Recorded information:
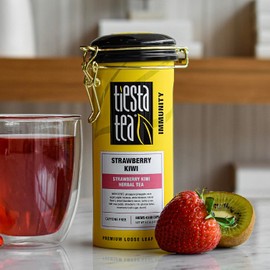 Tiesta Tea - Strawberry Kiwi Herbal Tea | Loose Leaf | Strawberry Hibiscus Kiwi Fruit Tea | Premium Caffeine-Free Herbal Blend | Make Hot or Iced & Up to 50 Cups | 5 oz Refillable Tin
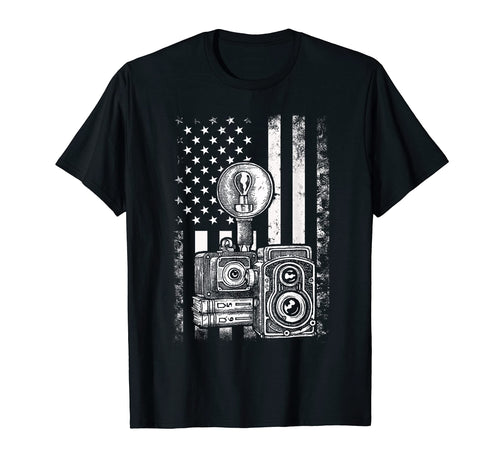 Camera Usa Flag Photographer Gift T-Shirt - Minimalist Print Men Women - T-Shirt, Sweatshirt, Hoodie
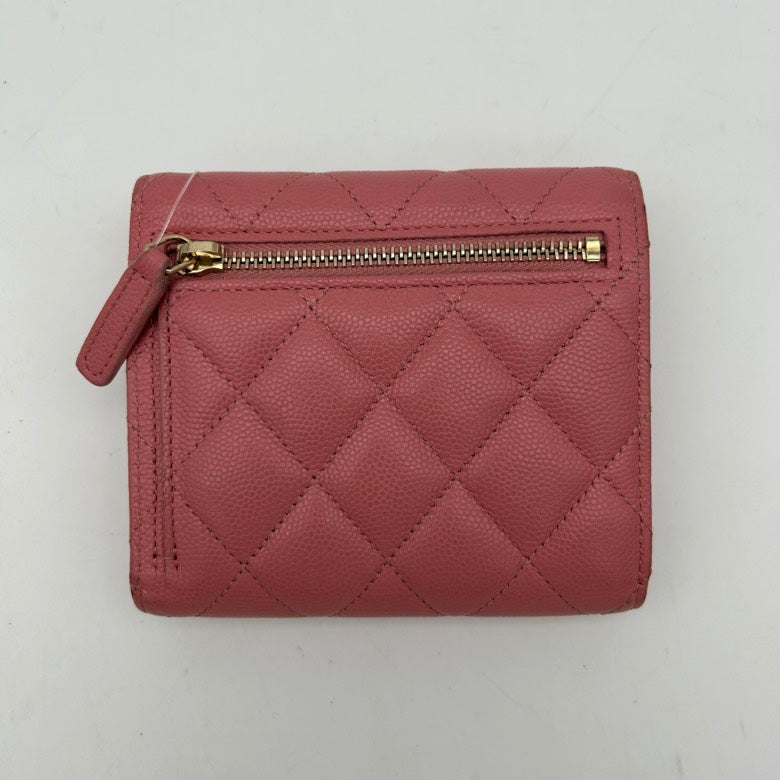 Chanel Pink Leather Quilted Clutch Wristlet With Logo and  Dust Bag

Task instructions:
The answer must be the full listing, exact in every line, with the pictures removed.

Written reply:
 Tiesta Tea - Strawberry Kiwi Herbal Tea | Loose Leaf | Strawberry Hibiscus Kiwi Fruit Tea | Premium Caffeine-Free Herbal Blend | Make Hot or Iced & Up to 50 Cups | 5 oz Refillable Tin
 Camera Usa Flag Photographer Gift T-Shirt - Minimalist Print Men Women - T-Shirt, Sweatshirt, Hoodie
 Chanel Pink Leather Quilted Clutch Wristlet With Logo and  Dust Bag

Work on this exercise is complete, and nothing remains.